■ Required action ■
From the first line to the last, transcribe the data exactly and skip the pictures.

■ The data ■
▼

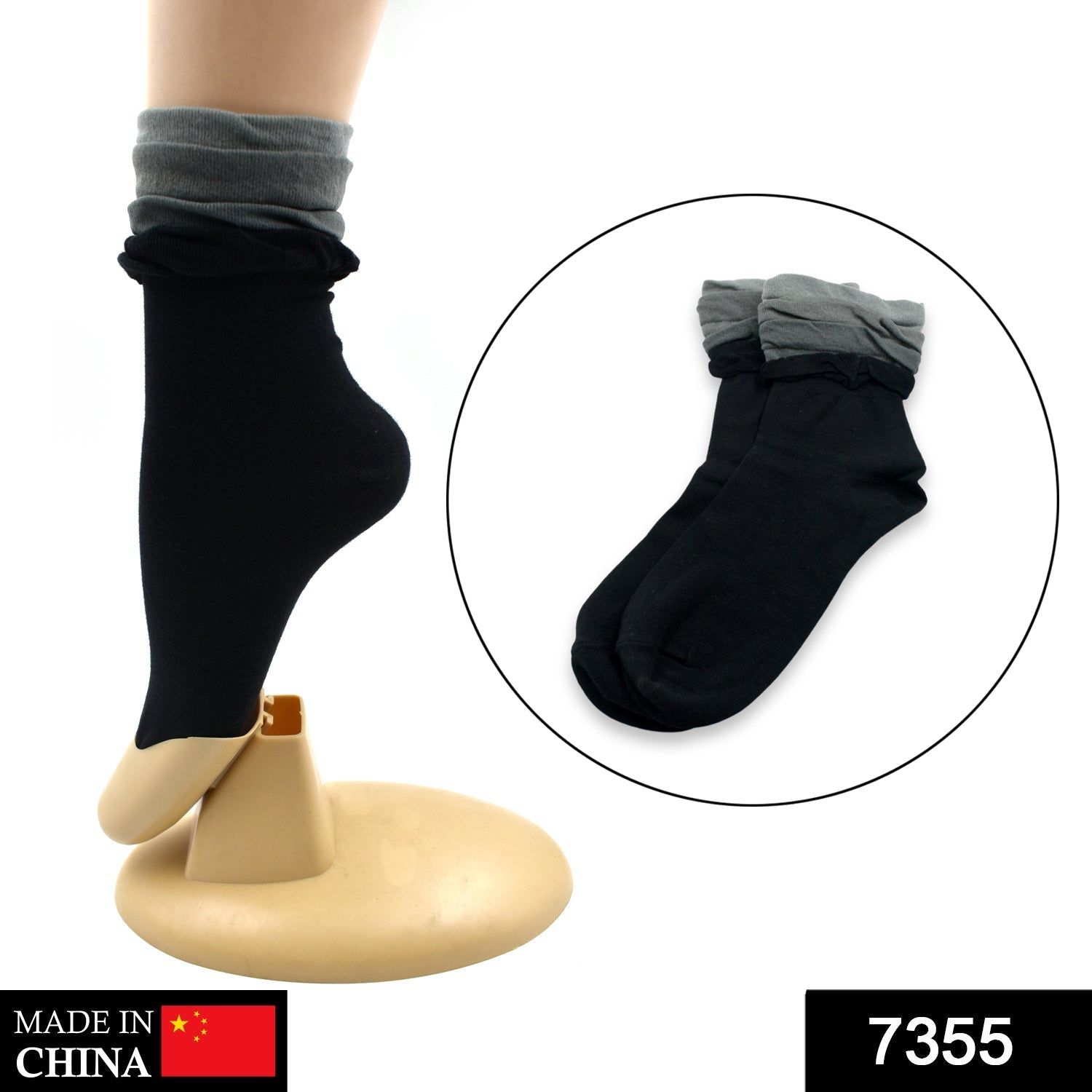Soft cotton ankle socks with a skin-friendly design.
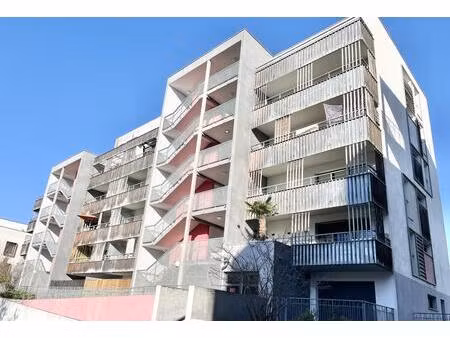 t3 recent avec balcon et parking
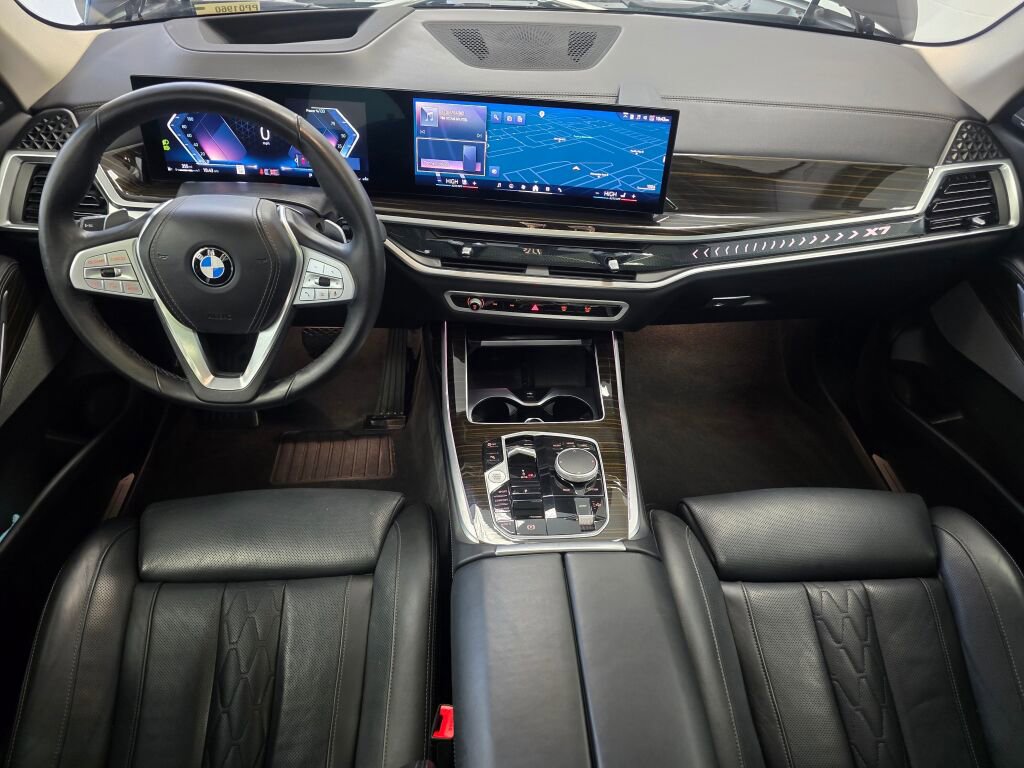 Used 2025 BMW X7 xDrive40i image 16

▲

■ Exercise answer ■
Soft cotton ankle socks with a skin-friendly design.
 t3 recent avec balcon et parking
 Used 2025 BMW X7 xDrive40i image 16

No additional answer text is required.